● Recorded data:
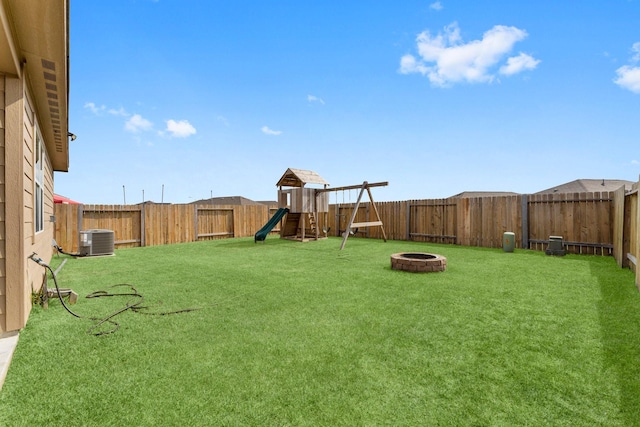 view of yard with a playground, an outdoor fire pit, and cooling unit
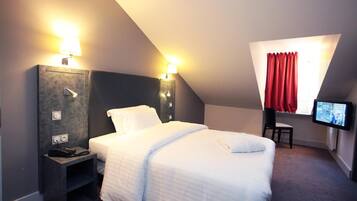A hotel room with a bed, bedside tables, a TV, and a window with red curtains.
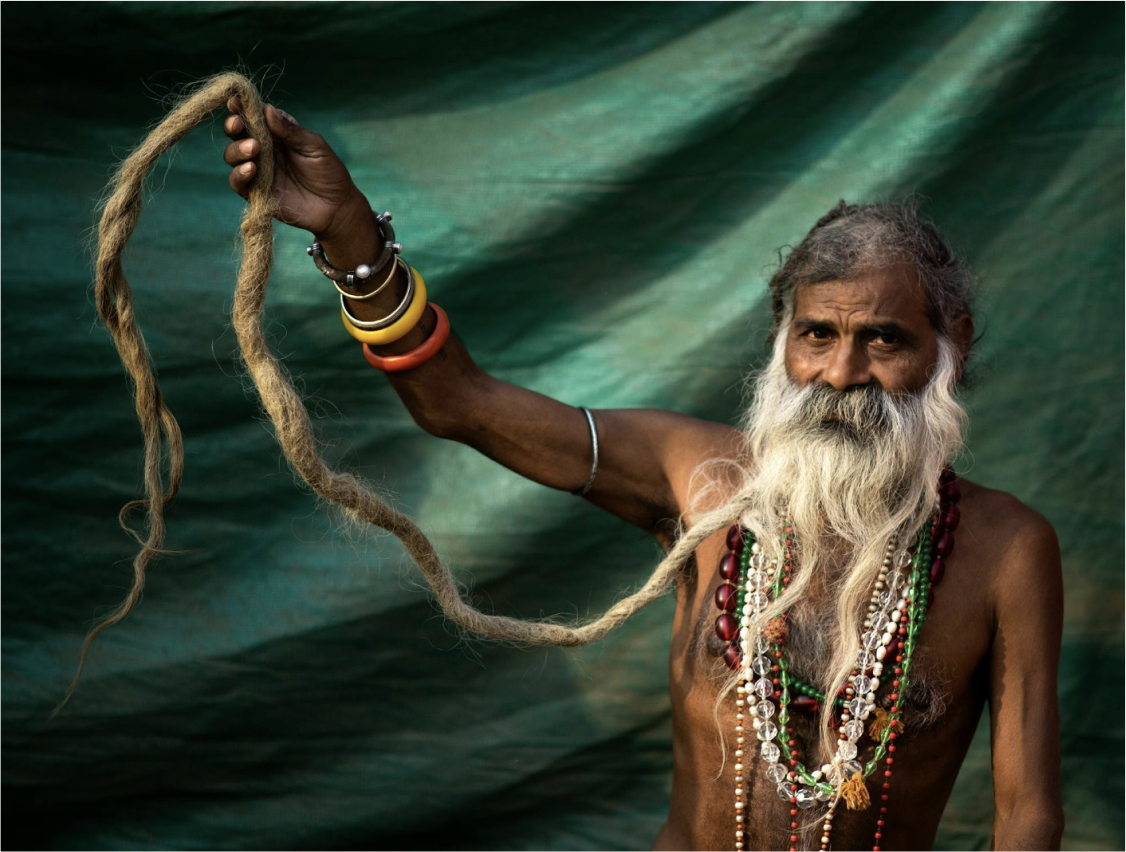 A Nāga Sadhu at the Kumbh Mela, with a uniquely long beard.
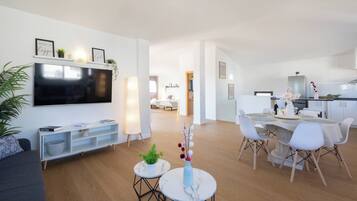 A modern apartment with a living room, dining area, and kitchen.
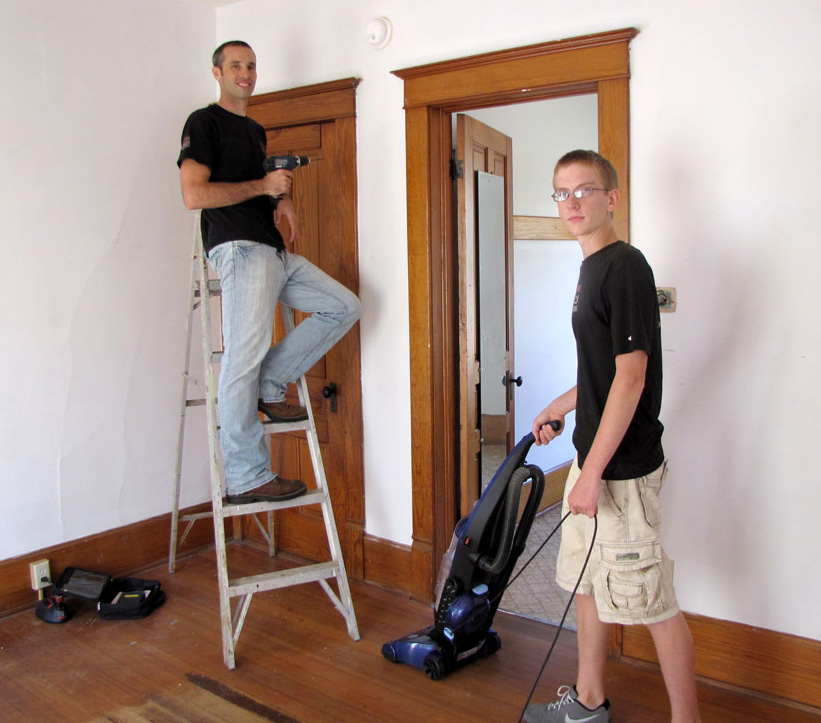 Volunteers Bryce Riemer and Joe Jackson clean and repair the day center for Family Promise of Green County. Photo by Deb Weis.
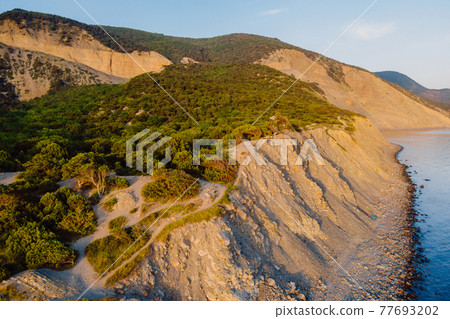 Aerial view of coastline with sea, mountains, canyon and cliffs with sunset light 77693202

● THE TASK: Print exactly the lines from the one containing "A Nāga Sadhu" through the last line of the records, both included, and leave out the pictures.

● THE ANSWER:
 A Nāga Sadhu at the Kumbh Mela, with a uniquely long beard.
 A modern apartment with a living room, dining area, and kitchen.
 Volunteers Bryce Riemer and Joe Jackson clean and repair the day center for Family Promise of Green County. Photo by Deb Weis.
 Aerial view of coastline with sea, mountains, canyon and cliffs with sunset light 77693202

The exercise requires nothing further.